By Dave Read, August 8, 2025 performance – Tonight’s performance at Tanglewood of Symphonie espagnole in D minor, for violin and orchestra by the Boston Symphony Orchestra, conducted by Andres Orozoco-Estrada with violin soloist Joshua Bell brought the composer, Edouard Lalo (1823-92), up from the depths of my musical ignorance to the first echelon of favorite composers.

The five-movement piece, written for a Spanish virtuoso friend of the composer, put both Mr. Bell and the BSO on full display of their own virtuosity. From the audience, one got a virtual workout merely following the sound around the orchestra as first this section then that one was emphasized.
I think there’s a tendency for a casual fine arts consumer such as myself to pay undue obeisance to subtlety and understatement. That stance was upset immediately tonight by the almost cartoonish open in Lalo’s symphony. It felt to me as if the composer wished to remind audiences that forthwith comes a big bright orchestra in concert with a spectacular violinist. Having gotten our attention in no uncertain tones, the orchestra and Mr. Bell carry us along for an exciting exploration of musical vertuosity.

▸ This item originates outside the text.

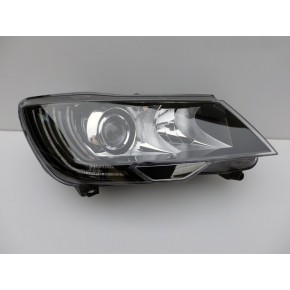 Фара правая под корректор чёрная Skoda Superb - 2 поколение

After intermission, Maestro Orozoco-Estrada was vigorous in the orchestra’s thoroughly satisfying performance of Antonin Dvorak’s familiar Symphony No. 9 in E minor, From the New World. Written during the Czech composer’s New York sojourn at the National Conservatory of Music, the piece is informed by Dvorak’s affection for both native and African American music. His reputation for weaving motifs and themes from folk lore into his compositions led to the New York job, hoping to add American works to the orchestral canon.